Rekomendasi

Karanganyar Darurat Sampah, Desa Butuh Solusi Konkrit

Selasa, 03 Desember 2019 : 20.26
Published by Hariankota
KARANGANYAR - Hingga saat ini, persoalan sampah belum juga terselesaikan. Di sejumlah wilayah, tumpukan sampah masih terlihat.

Bahkan di lokasi tempat pembuangan sampah (TPS) yang berada di Jengglong atau tepatnya did pan ruang perawatan RSUD Karanganyar, masih terlihat tumpukan sampah. Padahal TPS ini telah ditutup.

Bambang, salah satu warga sekitar, kepada hariankota.com, Selasa (03/12/2019) menegatakan, tidak diketahui secara pasti warga mana yang membuang sampah di TPS yang ditutup ini.
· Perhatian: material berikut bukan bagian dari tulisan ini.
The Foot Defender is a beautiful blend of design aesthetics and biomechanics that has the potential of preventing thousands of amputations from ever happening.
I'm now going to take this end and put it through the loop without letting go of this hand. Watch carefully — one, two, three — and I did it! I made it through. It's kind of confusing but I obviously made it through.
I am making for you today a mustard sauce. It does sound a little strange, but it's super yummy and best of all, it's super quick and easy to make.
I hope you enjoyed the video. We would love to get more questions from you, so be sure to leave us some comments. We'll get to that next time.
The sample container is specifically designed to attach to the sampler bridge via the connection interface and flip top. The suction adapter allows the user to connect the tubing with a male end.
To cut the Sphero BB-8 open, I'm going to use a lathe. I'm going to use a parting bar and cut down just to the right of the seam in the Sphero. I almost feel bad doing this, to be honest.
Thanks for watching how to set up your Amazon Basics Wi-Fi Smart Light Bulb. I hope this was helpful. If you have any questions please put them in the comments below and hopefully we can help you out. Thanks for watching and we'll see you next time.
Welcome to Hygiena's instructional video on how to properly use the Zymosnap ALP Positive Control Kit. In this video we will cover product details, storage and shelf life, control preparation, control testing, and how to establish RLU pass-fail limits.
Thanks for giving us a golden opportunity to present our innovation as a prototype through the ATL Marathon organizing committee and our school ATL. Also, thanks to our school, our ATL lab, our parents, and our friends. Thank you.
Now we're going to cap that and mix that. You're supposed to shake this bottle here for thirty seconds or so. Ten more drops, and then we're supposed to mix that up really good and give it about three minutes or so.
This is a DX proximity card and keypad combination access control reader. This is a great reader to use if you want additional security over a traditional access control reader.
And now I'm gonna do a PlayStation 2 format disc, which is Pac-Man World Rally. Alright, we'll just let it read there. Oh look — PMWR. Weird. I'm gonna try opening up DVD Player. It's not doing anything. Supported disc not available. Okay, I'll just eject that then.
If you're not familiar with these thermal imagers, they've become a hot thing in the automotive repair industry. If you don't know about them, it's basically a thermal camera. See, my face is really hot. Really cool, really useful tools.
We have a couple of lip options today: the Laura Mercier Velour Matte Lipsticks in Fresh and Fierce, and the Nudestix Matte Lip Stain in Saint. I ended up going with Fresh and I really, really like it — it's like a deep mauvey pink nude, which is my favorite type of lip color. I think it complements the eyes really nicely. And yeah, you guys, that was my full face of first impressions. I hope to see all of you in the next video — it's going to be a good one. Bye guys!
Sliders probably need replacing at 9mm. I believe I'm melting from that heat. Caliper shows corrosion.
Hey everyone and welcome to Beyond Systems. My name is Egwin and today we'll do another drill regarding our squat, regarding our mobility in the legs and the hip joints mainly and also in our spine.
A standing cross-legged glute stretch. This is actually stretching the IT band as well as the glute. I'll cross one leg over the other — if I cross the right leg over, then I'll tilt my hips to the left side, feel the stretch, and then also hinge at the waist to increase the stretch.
Bambang mendesak agar Satpol PP atau dinas terkait melakukan razia, terutama pada malam hari. “Biasanya membuang sampahnya malam hari. Kami minta agar Satpol PP atau dinas terkait melakukan operasi,“ kata Bambang.

Kondisi yang sama juga terjadi di Desa Ngringo, Kecamatan Jaten. Tumpukan samapah yang menggunung juga terkihat di wilayah yang padat penduduk ini.

Ketua RW 18 Desa Ngringo, Muadzin, menjelaskan, desa Ngringo adalah salah satu desa yang memiliki volume sampah yang besar karena jumlah penduduknya yang cukup banyak.

Namun sampai saat ini, menurutnya, Desa Ngringo belum memiliki tempat pembuangan sampah yang resmi.

“Volume sampah di desa Ngringo sangat besar, namun tidak memiliki tempat pembuangan sampah yang resmi. Selama ini masyarakat membuang sampah di area kosong di pinggir sungai, sehingga saati ni kondisinya membahayakan. Bau yang menyengat jika musim hujan, serta rawan longsor dan menutupi aliran sungai,” jelas Muadzin, Selasa (03/12/2019).

Disisi lain, ketua RW 21 Desa Ngringo, Sularso, mengungkapkan, menambahkan, sebenarnya, di Ngringo sudah ada 1 lokasi ujicoba tehnologi pengelolaan sampah mandiri, namun penggunaanya, menurut Sularso, belum maksimal.

“Masih perlu banyak keterlibatan pemerintah untuk pembinaannya. Jika masalah sampah di Ngringo tidak teratasi maka Ngringo akan benar-benar menjadi wilayah darurat sampah. Ketika masyarakat sekitar menolak dijadikan lokasi pembuangan sampah, maka warga akan kesulitan membuang sampah,” kata dia.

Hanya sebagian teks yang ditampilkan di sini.